**Exercise prompt**
For this exercise, return only the lines in the records below from the one holding "Shih Tzu Dog" through the one holding "Hublot-Square Bang Unico", including both, exactly as they appear and without pictures.
======== Records supplied ========
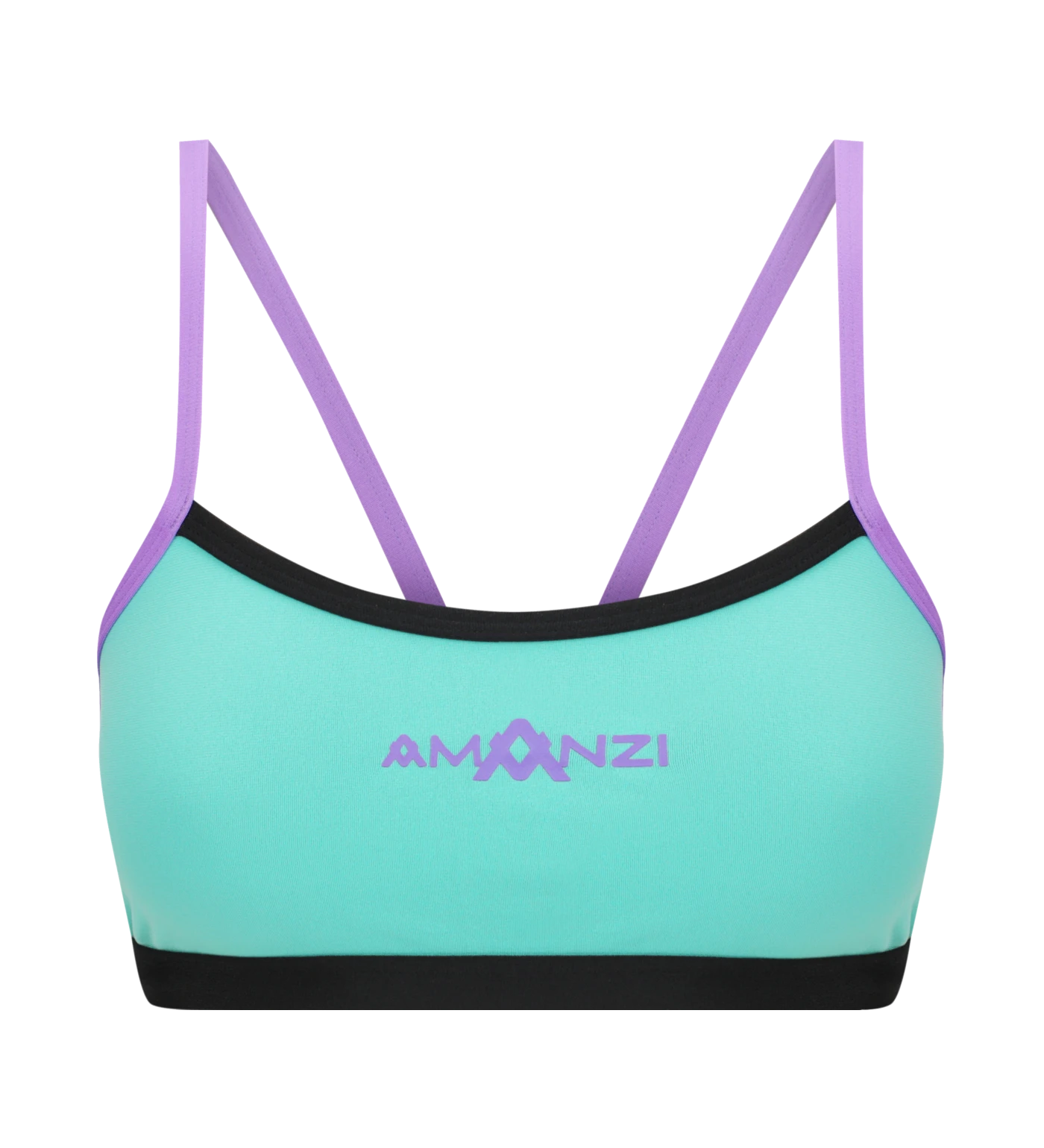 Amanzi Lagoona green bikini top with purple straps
========
======== Records supplied ========
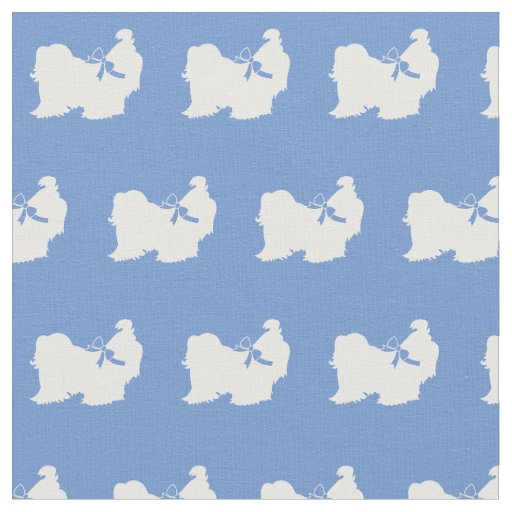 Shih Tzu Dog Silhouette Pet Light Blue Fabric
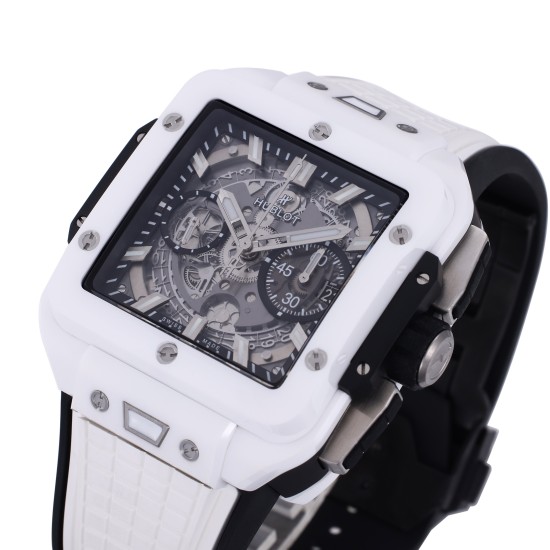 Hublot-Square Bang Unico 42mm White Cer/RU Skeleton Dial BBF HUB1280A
========
**Final answer**
 Shih Tzu Dog Silhouette Pet Light Blue Fabric
 Hublot-Square Bang Unico 42mm White Cer/RU Skeleton Dial BBF HUB1280A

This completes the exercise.